• [WHAT THE TASK ASKS]: Your answer should be every line of the entries that has the string "Shirt" in it.

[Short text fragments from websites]
-----

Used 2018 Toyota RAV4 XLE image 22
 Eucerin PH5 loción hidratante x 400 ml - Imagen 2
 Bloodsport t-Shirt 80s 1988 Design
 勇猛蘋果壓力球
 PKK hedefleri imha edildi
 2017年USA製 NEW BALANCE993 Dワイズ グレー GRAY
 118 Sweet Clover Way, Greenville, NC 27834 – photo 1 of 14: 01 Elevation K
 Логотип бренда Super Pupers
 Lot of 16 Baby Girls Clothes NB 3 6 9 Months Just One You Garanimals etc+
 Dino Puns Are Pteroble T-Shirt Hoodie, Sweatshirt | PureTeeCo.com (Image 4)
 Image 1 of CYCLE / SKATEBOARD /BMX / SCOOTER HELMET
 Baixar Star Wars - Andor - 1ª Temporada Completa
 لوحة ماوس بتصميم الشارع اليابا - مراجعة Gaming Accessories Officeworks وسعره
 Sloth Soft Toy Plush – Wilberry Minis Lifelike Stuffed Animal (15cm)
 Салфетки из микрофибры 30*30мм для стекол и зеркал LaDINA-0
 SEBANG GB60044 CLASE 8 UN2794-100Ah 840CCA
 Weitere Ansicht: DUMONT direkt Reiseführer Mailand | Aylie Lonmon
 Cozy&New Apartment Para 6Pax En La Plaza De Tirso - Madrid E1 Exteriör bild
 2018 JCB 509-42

-----

• [ANSWER AREA]:
 Bloodsport t-Shirt 80s 1988 Design
 Dino Puns Are Pteroble T-Shirt Hoodie, Sweatshirt | PureTeeCo.com (Image 4)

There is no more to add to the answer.